Extracted entries:
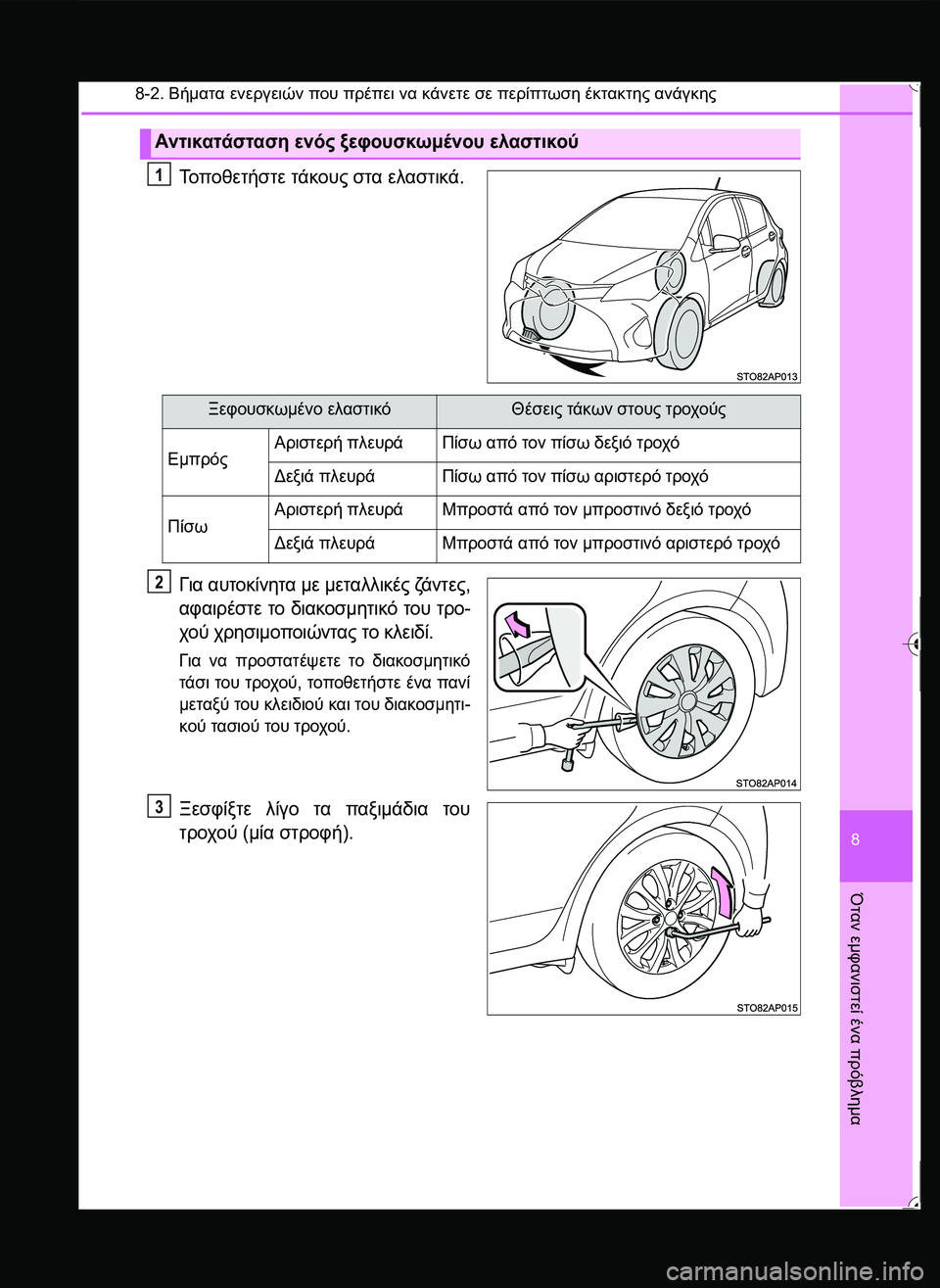 TOYOTA YARIS 2015  ΟΔΗΓΌΣ ΧΡΉΣΗΣ (in Greek) 8-2. Βήματα ενεργειών που πρέπει να κάνετε σε περίπτωση έκτακτης ανάγκης
8
Όταν
 εμφανιστεί
 ένα
 πρόβλημα
Τοποθ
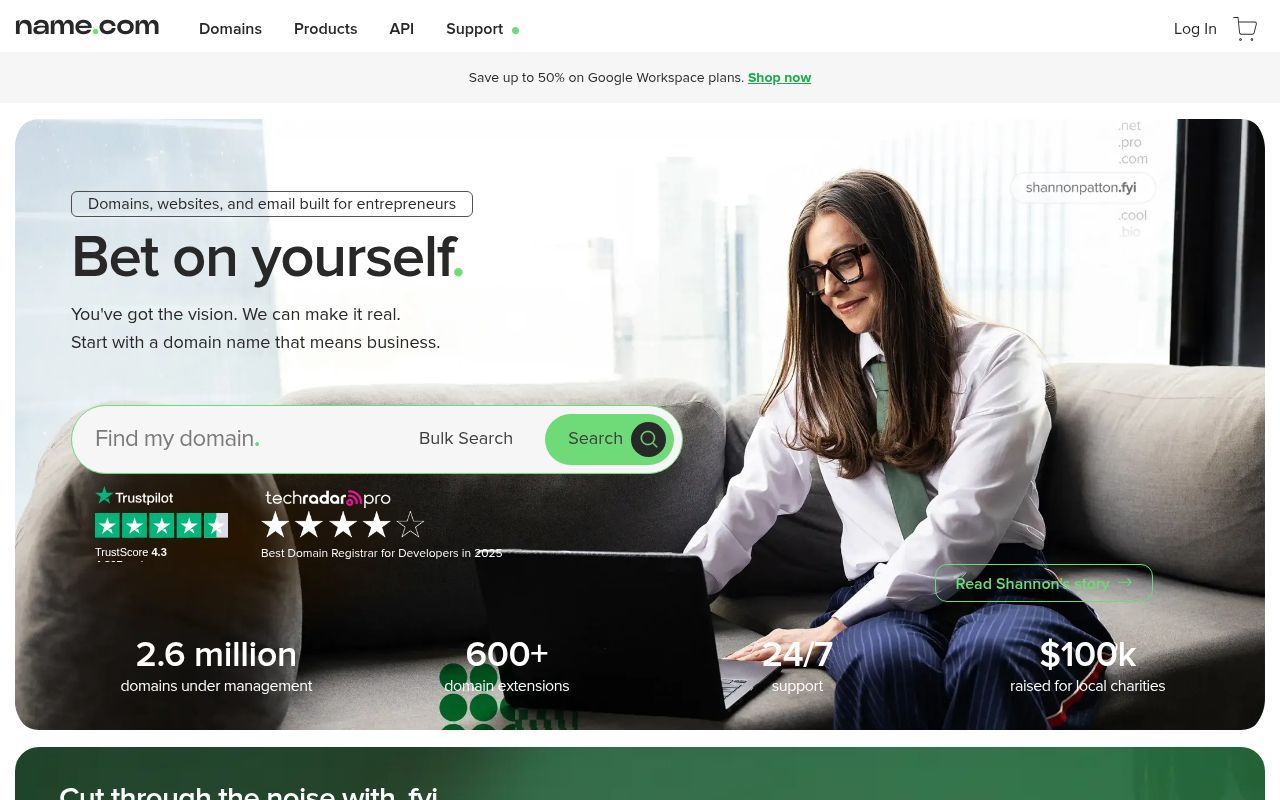 Homepage screenshot of name.com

Task objective: Only the text of the records above, copied exactly, should be returned; the pictures stay out.

Completed task:
 TOYOTA YARIS 2015  ΟΔΗΓΌΣ ΧΡΉΣΗΣ (in Greek) 8-2. Βήματα ενεργειών που πρέπει να κάνετε σε περίπτωση έκτακτης ανάγκης
8
Όταν
 εμφανιστεί
 ένα
 πρόβλημα
Τοποθ
 Homepage screenshot of name.com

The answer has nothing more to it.